🤖 AI Summary
This study addresses the trade-offs between accuracy, coverage, robustness, and efficiency in multi-view stereo (MVS) methods for aerial 3D reconstruction. While traditional approaches like COLMAP achieve high geometric fidelity, they suffer from low computational efficiency and poor scalability; meanwhile, learning-based MVS methods lack systematic evaluation in real-world aerial scenarios. This work presents the first comprehensive benchmark comparing COLMAP against state-of-the-art learning-based methods—including MVSNet, PatchmatchNet, MVSFormer++, DUSt3R, and VGGT—on a real aerial dataset. Results show that COLMAP excels in geometric consistency but is computationally expensive, whereas learning-based methods demonstrate greater robustness to image registration failures.

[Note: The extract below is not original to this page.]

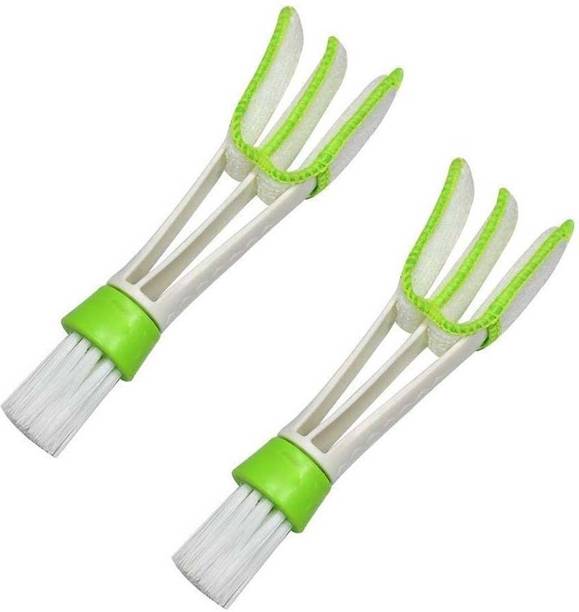 WINKCART Multipurpose Car Ac Vent Interior Dashboard Dirt Cleaning Cleaner gel and Brush Mini Duster for Car Air Vent with Cleaning Cleaner Slime Slimy Gel Jelly Vehicle Interior Cleaner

Notably, DUSt3R and VGGT achieve competitive accuracy with significantly improved speed, though they still exhibit larger residuals in complex scenes. These findings provide empirical guidance for selecting and optimizing MVS pipelines in photogrammetric applications.
📝 Abstract
Photogrammetric 3D reconstruction has long relied on traditional Structure-from-Motion (SfM) and Multi-View Stereo (MVS) methods, which provide high accuracy but face challenges in speed and scalability. Recently, learning-based MVS methods have emerged, aiming for faster and more efficient reconstruction. This work presents a comparative evaluation between a representative traditional MVS pipeline (COLMAP) and state-of-the-art learning-based approaches, including geometry-guided methods (MVSNet, PatchmatchNet, MVSAnywhere, MVSFormer++) and end-to-end frameworks (Stereo4D, FoundationStereo, DUSt3R, MASt3R, Fast3R, VGGT). Two experiments were conducted on different aerial scenarios. The first experiment used the MARS-LVIG dataset, where ground-truth 3D reconstruction was provided by LiDAR point clouds. The second experiment used a public scene from the Pix4D official website, with ground truth generated by Pix4Dmapper. We evaluated accuracy, coverage, and runtime across all methods. Experimental results show that although COLMAP can provide reliable and geometrically consistent reconstruction results, it requires more computation time. In cases where traditional methods fail in image registration, learning-based approaches exhibit stronger feature-matching capability and greater robustness. Geometry-guided methods usually require careful dataset preparation and often depend on camera pose or depth priors generated by COLMAP. End-to-end methods such as DUSt3R and VGGT achieve competitive accuracy and reasonable coverage while offering substantially faster reconstruction. However, they exhibit relatively large residuals in 3D reconstruction, particularly in challenging scenarios.